Sequence Processing with Recurrent Neural Networks

Sequence processing involves several tasks such as clustering, classification, prediction, and transduction of sequential data which can be symbolic, non-symbolic or mixed. Examples of symbolic data patterns occur in modelling natural (human) language, while the prediction of water level of River Thames is an example of processing non-symbolic data. If the content of a sequence will be varying through different time steps, the sequence is called temporal or time-series. In general, a temporal sequence consists of nominal symbols from a particular alphabet, while a time-series sequence deals with continuous, real-valued elements (Antunes & Oliverira, 2001).
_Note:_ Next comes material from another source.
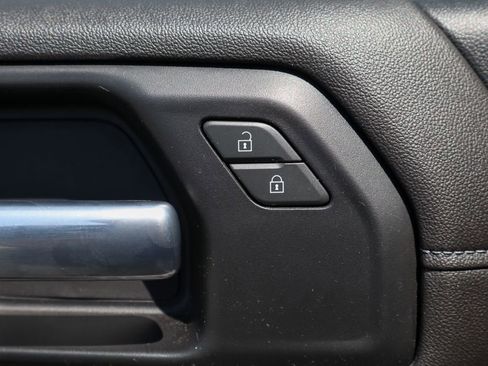 Used 2020 Chevrolet Silverado 2500 LT w/ Fleet Comfort Package image 17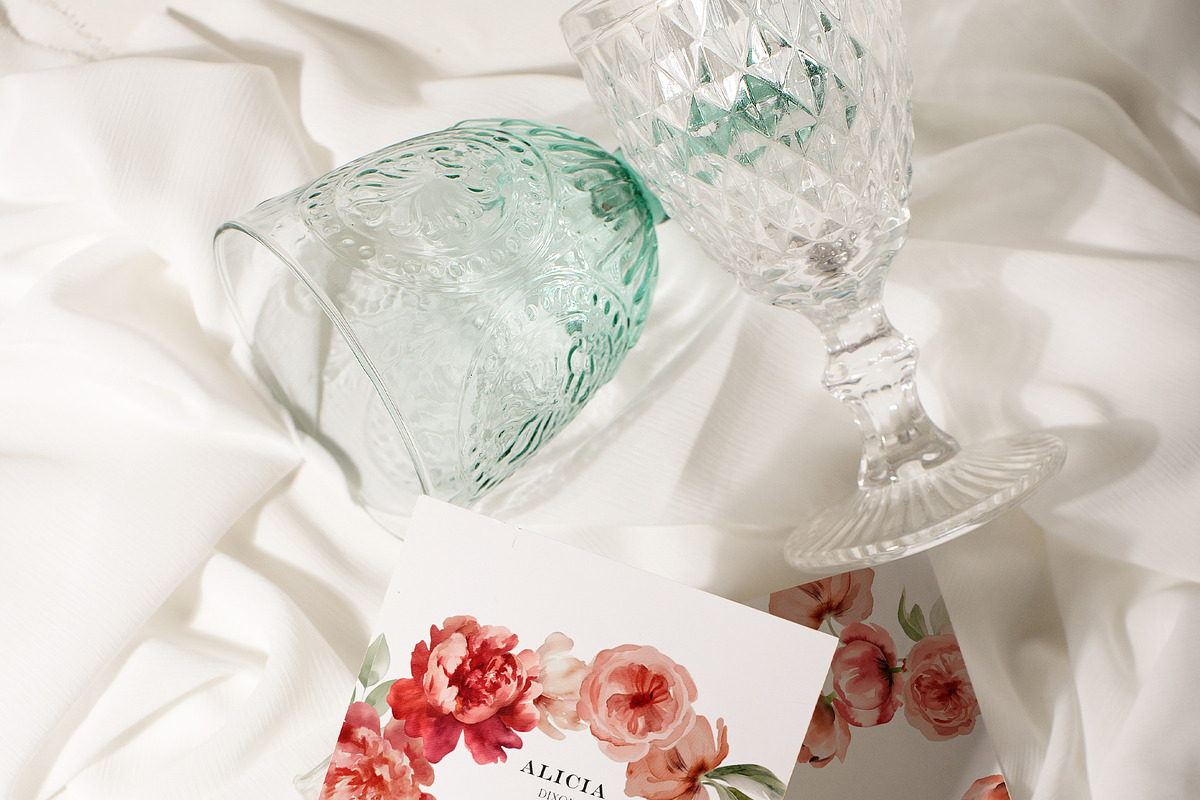 FLORAL WINTER BOX Watercolor Bundle, a Seasonal Illustration by Muse Artist (Photo 73 of 95)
Processing both these sequences mainly consists of applying the current known patterns to produce or predict the future ones, while a major difficulty is that the range of data dependencies is usually unknown. Therefore, an intelligent system with memorising capability is crucial for effective sequence processing and modelling. A recurrent neural network (RNN) is an artificial neural network in which self-loop and backward connections between nodes are allowed (Lin & Lee 1996; Schalkoff, 1997). Comparing to feedforward neural networks, RNNs are well-known for their power to memorise time dependencies and model nonlinear systems. RNNs can be trained from examples to map input sequences to output sequences and in principle they can implement any kind of sequential behaviour. They are biologically more plausible and computationally more powerful than other modelling approaches, such as Hidden Markov Models (HMMs), which have non-continuous internal states, feedforward neural networks and Support Vector Machines (SVMs), which do not have internal states at all. In this article, we review RNN architectures and we discuss the challenges involved in training RNNs for sequence processing. We provide a review of learning algorithms for RNNs and discuss future trends in this area.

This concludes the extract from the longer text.